THE MAN WHO FINALLY
DIED. A White Cross Production distributed by
British Lions Ltd., Magna Film Distributors. United Kingdom-Germany, 1962. 1
hour 36 minutes. Aspect ratio 2.35:1
Director:
Quentin Lawrence. Screenplay: Lewis Greifer, Louis Marks. Story: Lewis Greifer.
Cinematography: Stephen Dade. Music: Philip Green. Producer: Norman Williams. CAST: Stanley Baker (Joe Newman/Joachim
Deutsch), Mai Zetterling (Lisa Deutsch), Peter Cushing (Dr. Peter von Brecht),
Nigel Green (Hirsch), Eric Portman (Inspector Hofmeister), Niall MacGinnis
(Brenner), Georgina Ward (Maria)
Adapted
from a 1959 TV mini-series, The Man Who
Finally Died is a competently made early '60s British mystery yarn that draws upon the
building blocks of both Cold War espionage thriller and film noir. Jazz musician Joe Newman (Stanley Baker) gets
a call from a German claiming to be Kurt Deutsch, his father who had supposedly
died during the war, while in Königsbaden, a town in Bavaria, a hearse bearing
the name of "Kurt Deutsch" is shown to be driven over the
piazza. Joe decides to drop in at Königsbaden
to find out what the heck is really going on, but is immediately trailed by a
cop (Nigel Green), and obstructed by his father's new wife Lisa (Mai Zetterling)
and her adviser cum family doctor von
Brecht (Peter Cushing). He is convinced that there is a conspiracy afoot,
possibly involving the local police, to legally keep Kurt deceased, all the
while trying to ship him off somewhere.
He trusts neither Lisa nor von Brecht, and has a tense conversation with
the latter regarding the latter's Nazi affiliation. Is a Neo-Nazi cabal responsible for his
father's disappearance? Or was he a
victim of a much more prosaic crime, aimed at collecting one million Deutsch
Marks of life insurance payment, as the suave, gun-toting insurance
investigator Brenner (Niall MacGinnis, perhaps best known as the evil Dr.
Karswell in Curse of the Demon
[1957]) tells Joe?
Like
the character of Kurt Deutsch, the film changes identity in the latter third,
dropping film noir affectations and turning into a more straightforward Cold
War thriller, ideologically aligned with the notion of postwar West Germany as
a staunch ally of the United Kingdom against the dastardly Soviet Union. Still, the film maintains a reasonably complex
view of major characters: both Cushing and MacGinnis play with audience
expectations, keeping us unsure where their real allegiances lie. Stanley Baker cuts a likeable hero and conveys
well the moral conundrum of a man trying to expose the truth but in the process
possibly bringing danger to more than one lives, while suitably emotional and
bull-headed when required. The actors
playing police are somewhat disadvantaged by their stilted German accent,
although the always reliable Nigel Green serves as a nicely droll Greek chorus
to the proceedings.
The Man Who Finally
Died is filmed in
the widescreen ratio by Stephen Dade (Nights of the Round Table [1953]). The iTV stalwart Quentin
Lawrence's direction is not terribly dynamic but the scope visuals are
otherwise quite attractive. The mono
soundtrack features a harpsichord-inflected, effective score composed by Philip
Green (one of Basil Dearden's regular collaborators, for instance, in Sapphire [1959]).
DVD Presentation:
Network/Studio
Canal. The British Film Series. PAL Region 2. Video: Widescreen 2.35:1. Audio:
English Mono. No subtitles. Supplements:
Image Gallery, Promotional Materials in PDF.

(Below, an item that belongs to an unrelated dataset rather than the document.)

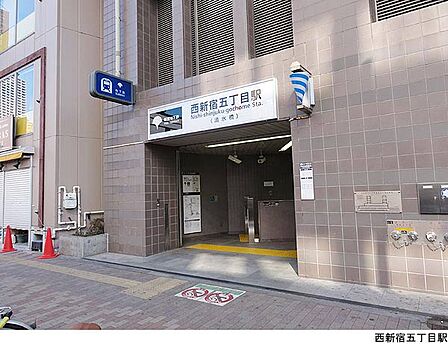 西新宿五丁目駅(現地まで320m)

Street Date: July 1, 2013.
Another
item in the Studio Canal and Network's British Film series, The Man Who Finally Died seems to have
received a brand-new HD transfer. I am
not certain why this particular title has not been issued as a Blu Ray, but the
image is sparkling clean, with perhaps a bit of overactive digital cleansing
at work and/or boosted contrast. The
details are sharp and black levels are rich and deep. No CinemaScope distortions are noticeable
either.
The
audio is also quite good given the inherent limitations, preferring Green's
suspenseful music score to the sound effects, some of which (such as the impact
of punches thrown by Joe) are not perfectly registered. The unattractive DVD cover seems to have been
cobbled together from elements of the original poster and still photos of Baker
and Ward, although the original poster is not something to write home about
either. Rather intelligent if
conventional, and buttressed by solid performances by genre experts such as
Baker, Cushing, MacGinnis and Green, The
Man Who Finally Died is recommended to the fans of classic Cold War/spy
films as well as those of the above-mentioned British actors.